Google's crippled communication machine, plagued by bureaucracy and paranoia, has never been able to come up with tangible facts about its benefits for the news media it feeds on.
Its official blog merely mentions "6 billion visits per month" sent to news sites and Google News claims to connect "1 billion unique users a week to news content" (to put things in perspective, the NYT.com or the Huffington Post are cruising at about 40 million UVs per month).
Assuming the clicks are sent to a relatively fresh news page bearing higher value advertising, the 6 billion visits can translate into about $400m per year in ad revenue.
That's a very rough estimate. Again: Google should settle the matter and come up with accurate figures for its largest markets. But how exactly does Google News work? What kind of media does its algorithm favour most? Last week, the search giant updated its patent filing with a new document detailing the 13 metrics it uses to retrieve and rank articles and sources for its news service.

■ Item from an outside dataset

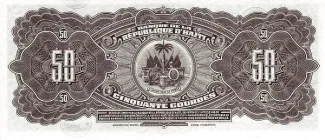 Haiti 50 Gourdes, 1980-1982 reverse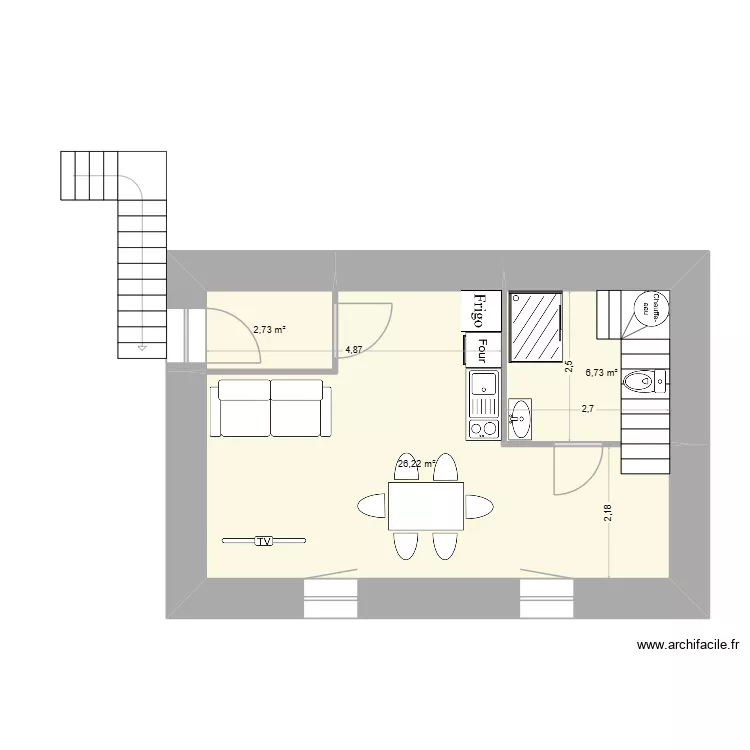 log 2 salon. Plan de log 2 salon. Plan de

What follows is a summary of those metrics, listed in the order shown in the patent filing.
A first metric in determining the quality of a news source may include the number of articles produced by the news source during a given time period [week or month].

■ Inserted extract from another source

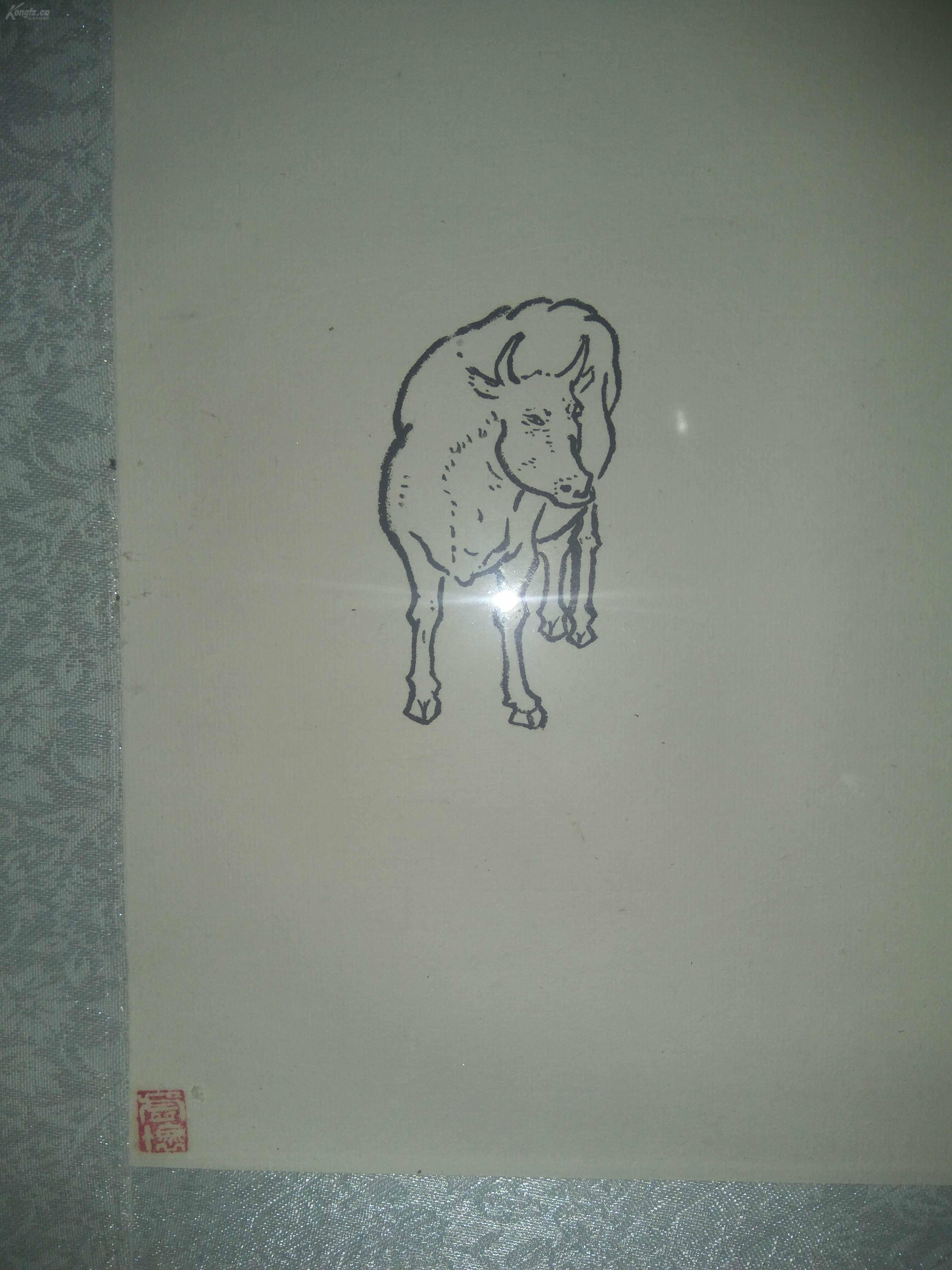低拍惠友陕西名家王腾老师白描精品五牛图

This metric may be determined by counting the number of non-duplicate articles produced by the news source over the time period [or] counting the number of original sentences produced by the news source.
This metric clearly favours production capacity. It benefits big media companies deploying large staffs.

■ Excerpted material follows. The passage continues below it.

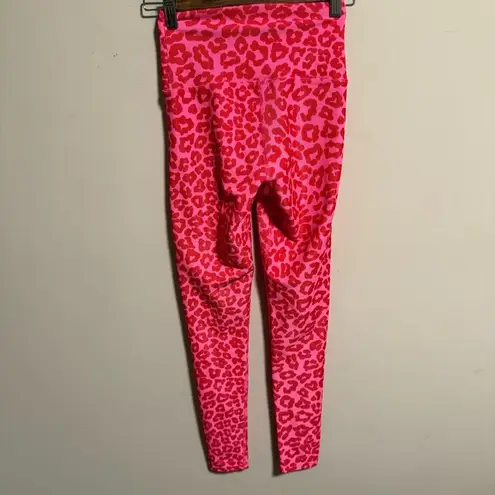 Beach Riot Ayla Legging in Famous High Risk Red Leopard Pink Ribbed- Size XS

But the system can also be cheated by content farms (Google already addressed these questions); new automated content creation systems are gaining traction, many of them could now easily pass the Turing Test.
The other metrics are listed in the box. The last metric is on writing style. In the Google world, this means statistical analysis of contents against a huge language model to assess "spelling correctness, grammar and reading levels".
Google intends to favour legacy media (print or broadcast news) over pure players. All the features recently added, such as editor's pick, reinforce this bias.